Après
le Père Noël dont je vous ai exposé l'autre jour la situation
délicate, il faudrait examiner le cas de l'arbre de Noël, beaucoup
moins compliqué il est vrai. Nous honorons parfois de fausses
traditions. L'étiquette mondaine par exemple et le savoir-vivre des
salons de la IIIe République qui croyaient bêtement
perpétuer la vieille courtoisie française n'est qu'une invention
louis-philipparde, un code pour pécores solennelles et parvenus
gourmés anxieux de se distinguer du vulgaire qui travaillait dans
leurs fabriques. Ils sont d'ailleurs pour quelque chose dans
l'acclimatation de l'arbre de Noël qui nous vint d'Angleterre au
temps que Napoléon III flirtait avec la reine Victoria.
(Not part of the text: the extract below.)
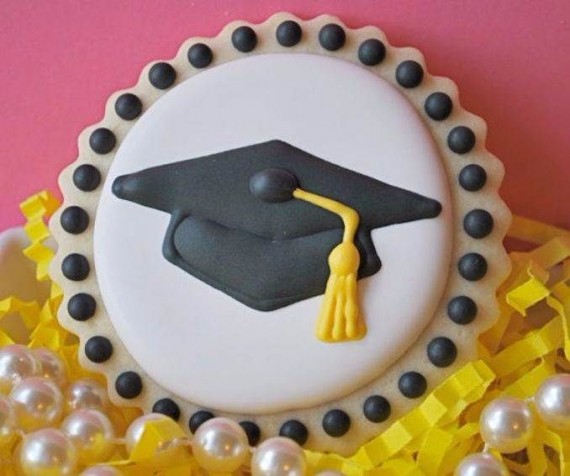 Simple but Creative Graduation Cakes and Cupcakes (2)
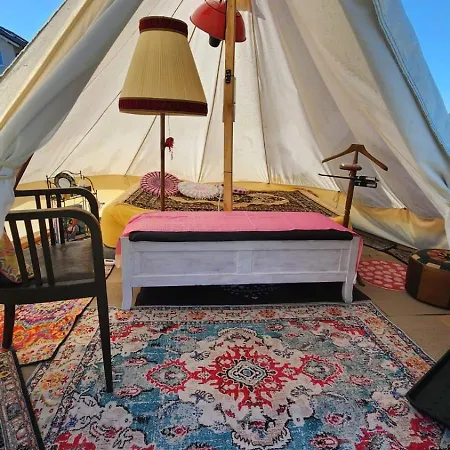 Campsite Beheiztes Tipi Zelt Luftbett Winter Hessen Main-kinzig Schluechtern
Depuis,
l'arbre a si bien fait son chemin qu'en beaucoup de foyers la crèche
traditionnelle a fini par céder la place au sapin dont
l'insignifiance arrangeait tout le monde. Le plum-pudding, Dieu
merci, n'a pas réussi à détrôner le boudin blanc, mais je vois
que la « christmas card » s'insinue dans nos mœurs
et ces petites choses-là, entre autres, travaillent sournoisement à
l'unité de l'Occident sous l'aimable férule des vieilles filles
puritaines. De nombreux journaux nous ont justement rappelé ces
jours-ci l'origine anglaise du sapin rituel et, sans vouloir nuire à
la cohésion atlantique, j'aime à croire que c'est une des raisons
de l'indifférence populaire à l'endroit des arbres de Noël que
nous a fichés à travers Paris le comité du Bimillénaire.
Enfin
nous en avons terminé avec cette laborieuse commémoration qui
n'aura même pas réussi à allumer un seul lampion dans la mémoire
des Parisiens. La dernière trouvaille du comité fut donc l'érection
au coin des places publiques de grands sapins tristement chamarrés
de cheveux d'anges en aluminium. On se demande un peu à quoi
correspondait cette manifestation dans l'esprit de l'inventeur. Il a
peut-être cru obtenir à bon marché ce qu'on appelle une ambiance,
une ambiance de rien du tout comme celle que fabriquent les
entrepreneurs de folklore pour qui Noël est une affaire de syndicat
d'initiative. Le comité espérait probablement que ça ferait
gentil, familial et attentionné, mais un arbre de Noël sans
lumière, sans cadeaux, sans cantiques, sans violon et pour tout dire
sans Noël, c'est une chienlit et une brimade. Beaux baliveaux partis
pour la fête et fourvoyés dans la cité matriculaire. Sapins
humiliés, lugubres conifères. Dernière facture du grand Bi, pose
et dépose de cent cinquante symboles résineux, deuxième choix,
sans bougie. Il est possible que le comité se soit montré à
hauteur de sa tâche dans le genre gala sur invitation, mais pour ce
qui est de la réjouissance de Paris, zéro. Les Français ne savent
plus s'amuser ensemble. Il n'y a personne pour conduire la farandole
autour des sapins.
Il
n'empêche qu'avant de se dissoudre, le comité s'est décerné un
témoignage de satisfaction. Comme beaucoup de comités il avait sa
fin en soi et je pense qu'il était composé de gens n'ayant d'autre
profession que celle de membre de comité. Certes, je ne suis pas
ennemi des montagnes qui accouchent d'une souris quand l'attraction
est montée avec goût et que la souris a de l'esprit. Je ne flétris
pas non plus les parasites, loin de là, je les envierais plutôt car
ils sont parfois la fine fleur des civilisations, mais une société
a les parasites qu'elle mérite. Je verrais assez volontiers une
partie de mes impôts gratifier des joueurs de guitare sous le balcon
des nymphes en cour, mais entretenir des membres de comité, zut.
C'est comme l'UNESCO ; je ne connais pas très bien les
activités de cet énorme comité, mais j'ai la vague impression
qu'avec les milliards qu'il dévore on pourrait entretenir un nombre
considérable de guitaristes pour l'agrément réel des populations.